Replace string values in a dataframe by using a dictionary

Question

I have a Dataframe with a column called 'cleaned_tweet'. This column consists of tweets with several abbreviations and I want to replace those abbreviations with proper English words. For that, I have prepared a dictionary called 'slangs' where abbr. is the key and the desired English phrase/word as the value and I want to replace all the occurrences of those abbr. with their values in the dictionary. I have looked for several other solutions on stackoverflow but none of them seems to be working. Here is what I have tried. I am using a nested for loop and I believe I am quite close to the solution but I'm doing something wrong, which I can't seem to figure out.

Here's the nested loop:

for i in range(len(train_test_set)):
    for j in slangs:
        train_test_set['cleaned_tweet'][i] = train_test_set['cleaned_tweet'][i].replace(j, slangs[j])

when I executed this code and printed print(train_test_set['cleaned_tweet][0]), I got an unexpected output like this:

"#mopanthank whyour | hi | years oldwhyour | hi | years oldhesitationospecial editekissas insekissperience wall hacken whyour | hi | years oldunited statesing a hallwhyour | hi | years olducinogenic drwhyour | hi | years olduglwhyour | hi | years oldung ladye rainbowhwhy | would whyour | hi | years olduohesitationents | rapper from atalk later | ekissperience wall hacken whyour | hi | years oldunited statesing a hallwhyour | hi | years olducinogenic drwhyour | hi | years olduglwhyour | hi | years oldung ladye rainbowhwhy | would whyour | hi | years olduoue loversatileionwhyes | yeah | yes | your | hi | years oldu | team leaderantaonwhysomethingop it | somethingwhyour | hi | years oldupid idiotake careal edwhyour | hi | years olducatekissas insekissperience wall hacken whyour | hi | years oldunited statesing a hallwhyour | hi | years olducinogenic drwhyour | hi | years olduglwhyour | hi | years oldung ladye..."

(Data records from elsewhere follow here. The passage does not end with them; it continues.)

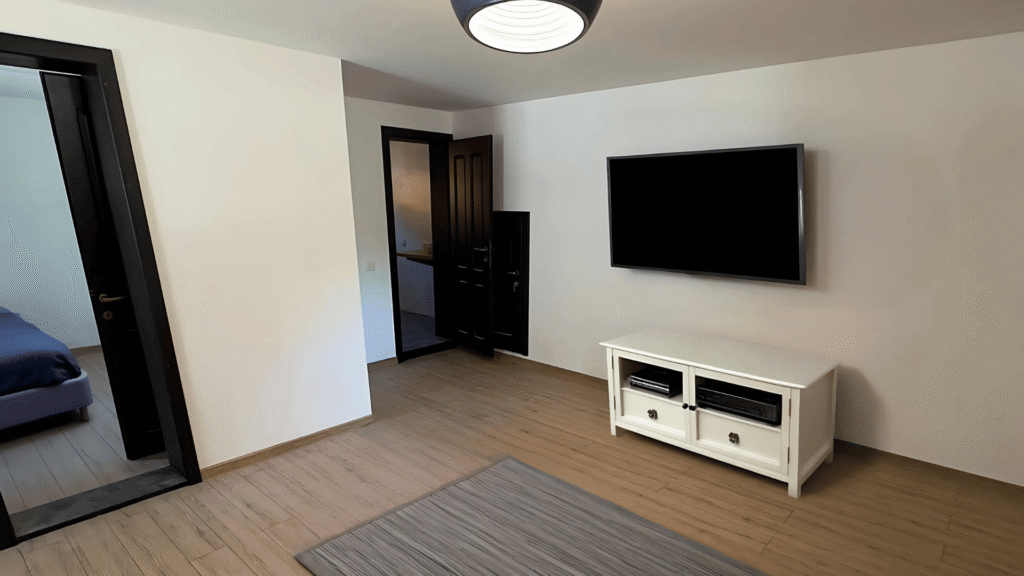 Camera Sunset Resort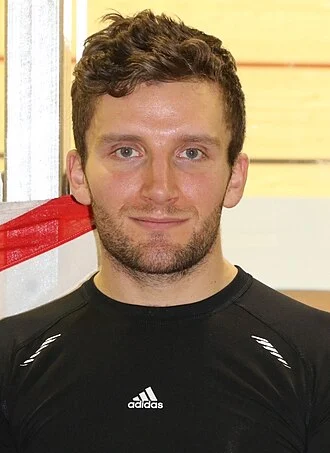 Callum Skinner height profile photo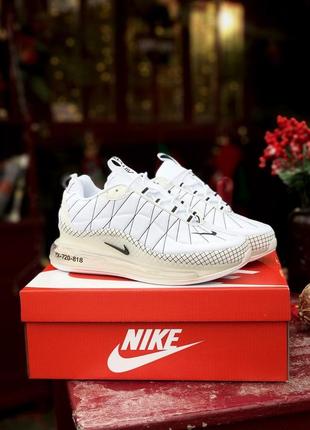 Кросівки чоловічі nike air max 720 🌶 євро зима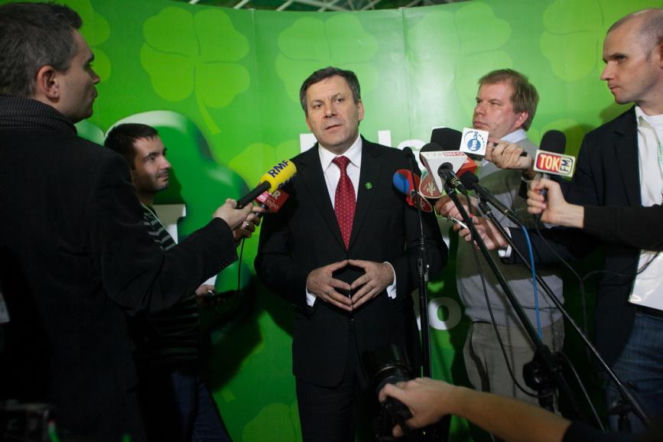 Janusz Piechociński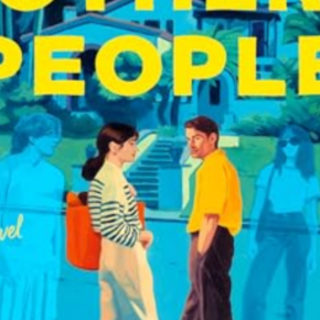 Get Free Book Seeing Other People by Emi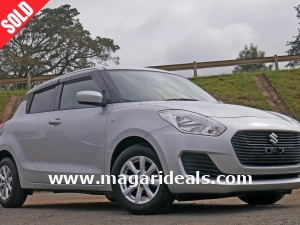 2026 Suzuki Swift prices: Kshs 790,000 (used) to KSh 2.1M (new Sport). Compare 1300cc fuel efficiency (18km/l) vs. RS performance. Nairobi/Mombasa stock available!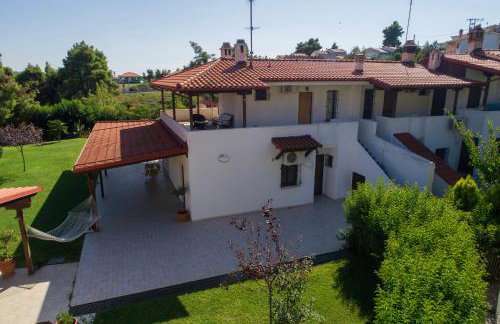 Vila Georgia - Foto 40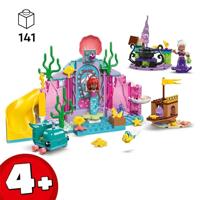 LEGO disney princess 43254 ariels kristalgrot - thumbnail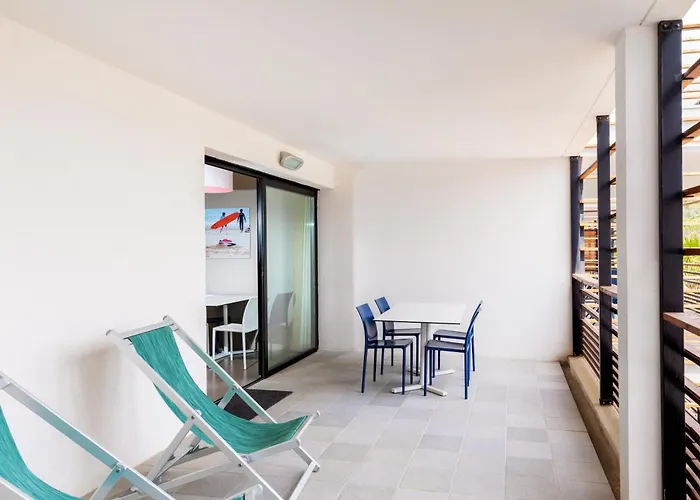 Sowell Family Riviera 4* Saint-Raphael (Var)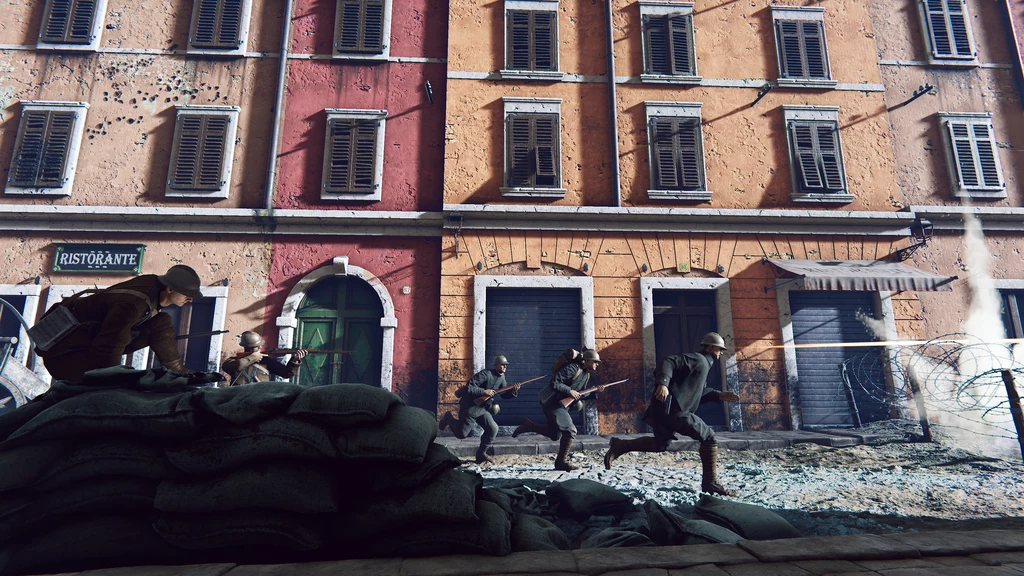 Isonzo Isonzo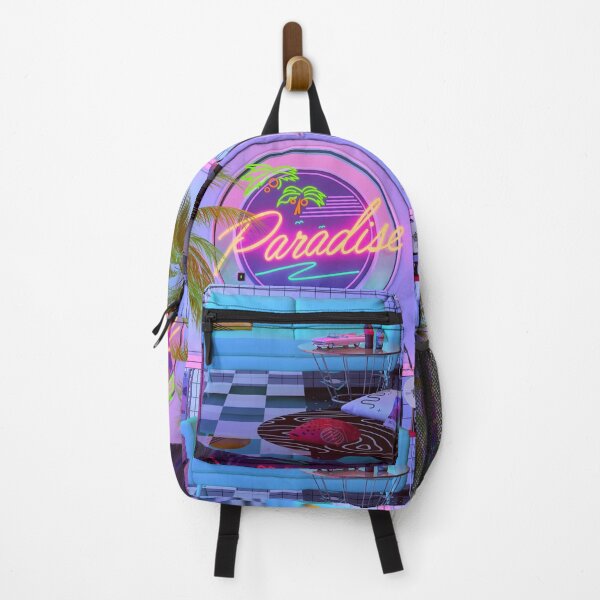 Item preview, Paradise Wave designed and sold by dennybusyet.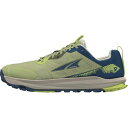 オルトラ メンズ ハイキング スポーツ Lone Peak 9 Hiking Shoe - Men's Dusty Olive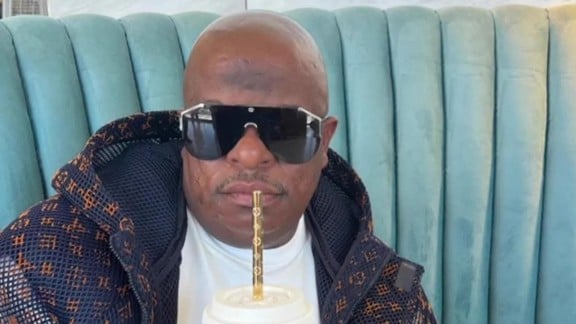 Bafana Sindane Personal Life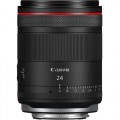 Canon 24mm f/1.4 RF L VCM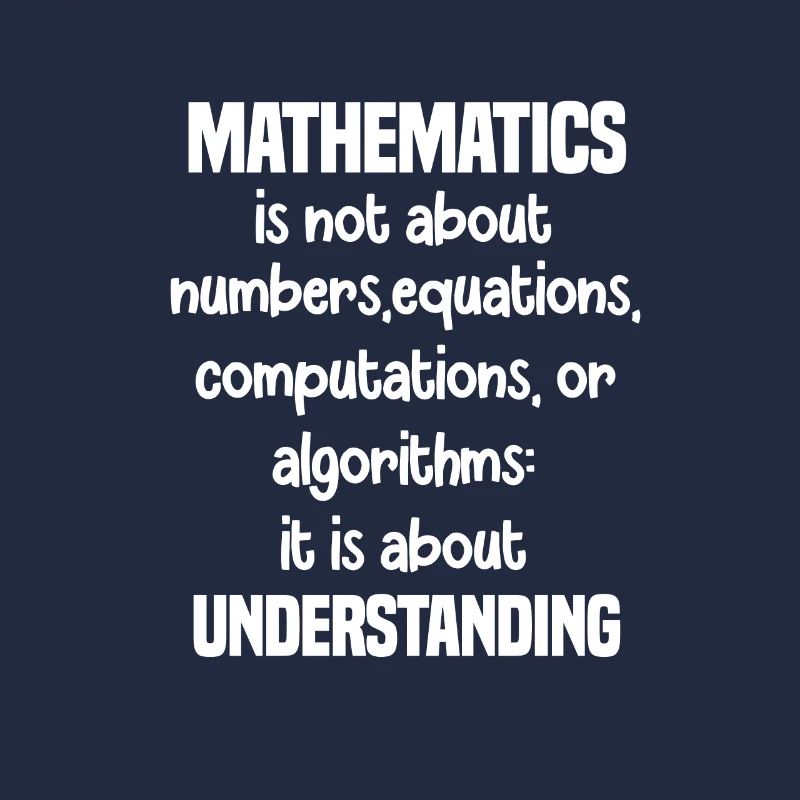 Math Teacher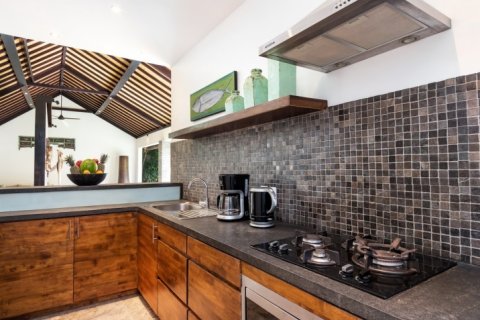 1 bedroom Villa in Seminyak, Badung, Indonesia No. 1666 11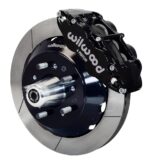 WILWOOD FRONT Brake Kit 14" Rotor B Body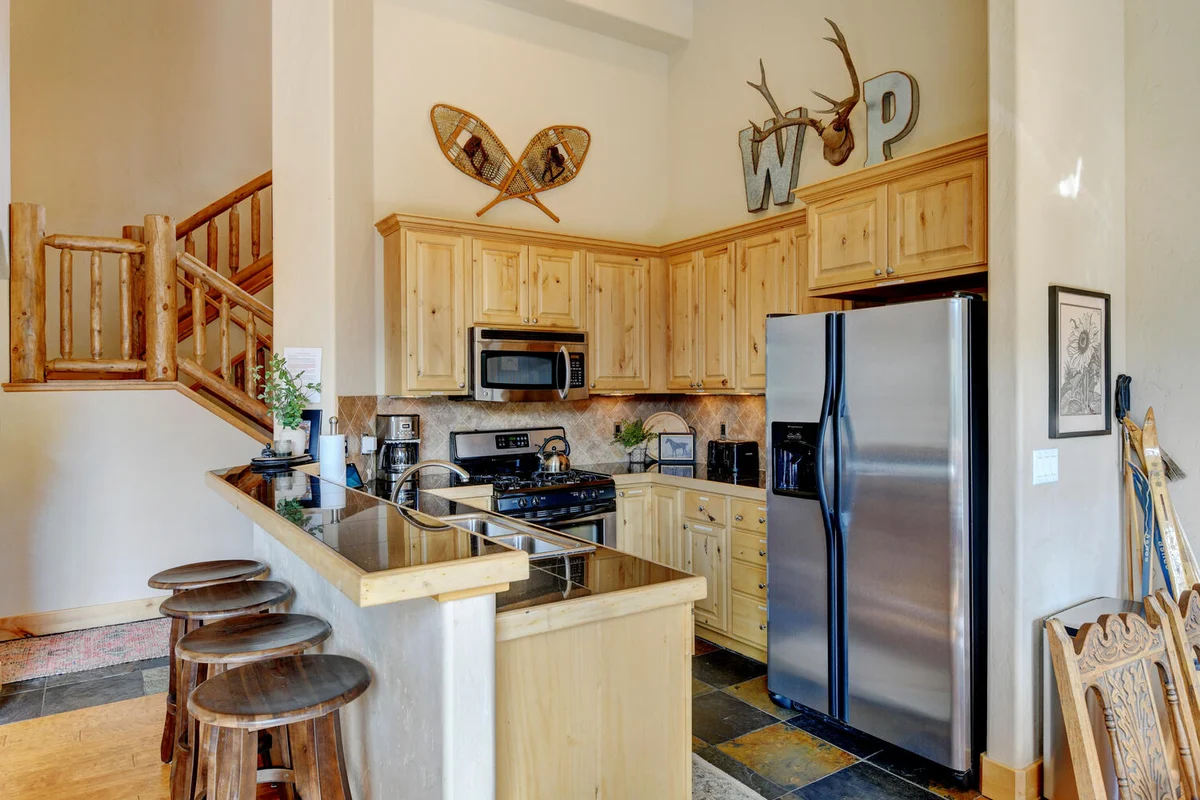 Lakota Rocky Mountain Chalet 509 #11
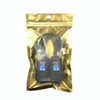 2x CCTV Video Balun Power over Coax HD-CVI/AHD/TVI 200m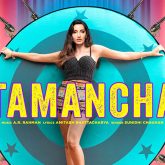 Nora Fatehi sizzles in 'Tamancha'; A.R. Rahman and Sunidhi Chauhan drop explosive track from Ufff Yeh Siyapaa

It seems many unwanted values are being appended to the cells. The output size is really big, so I can't copy it all here. Here is the structure of my dataset and dictionary before executing the code:

Can someone tell me what am I doing wrong?

Answer 1

You can try using the dictionary along with the map() function. Something like this:

slangs = {'abbr1': 'word1', .........}
train_test_set['cleaned_tweet'] = train_test_set['cleaned_tweet'].map(slangs)

If you have multiple abbreviations for the same word, you can try defining the dictionary with the words as the keys and the lists of the respective abbreviations as the values. You can then swap the keys and values and follow the same approach. Something like this:

# define the dictionary with the words as the keys and the lists of the respective abbreviations as the values
slangs = {'word1': ['abbr11', 'abbr12', ....], 'word2': ['abbr21', 'abbr22',..]}
#swap keys in slangs: http://stackoverflow.com/a/31674731/2901002
d = {k: oldk for oldk, oldv in slangs.items() for k in oldv}
train_test_set['cleaned_tweet']  = train_test_set['cleaned_tweet'].map(slangs)

Answer 2

I suggest using a Series.str.replace method that supports a callable as the replacement argument.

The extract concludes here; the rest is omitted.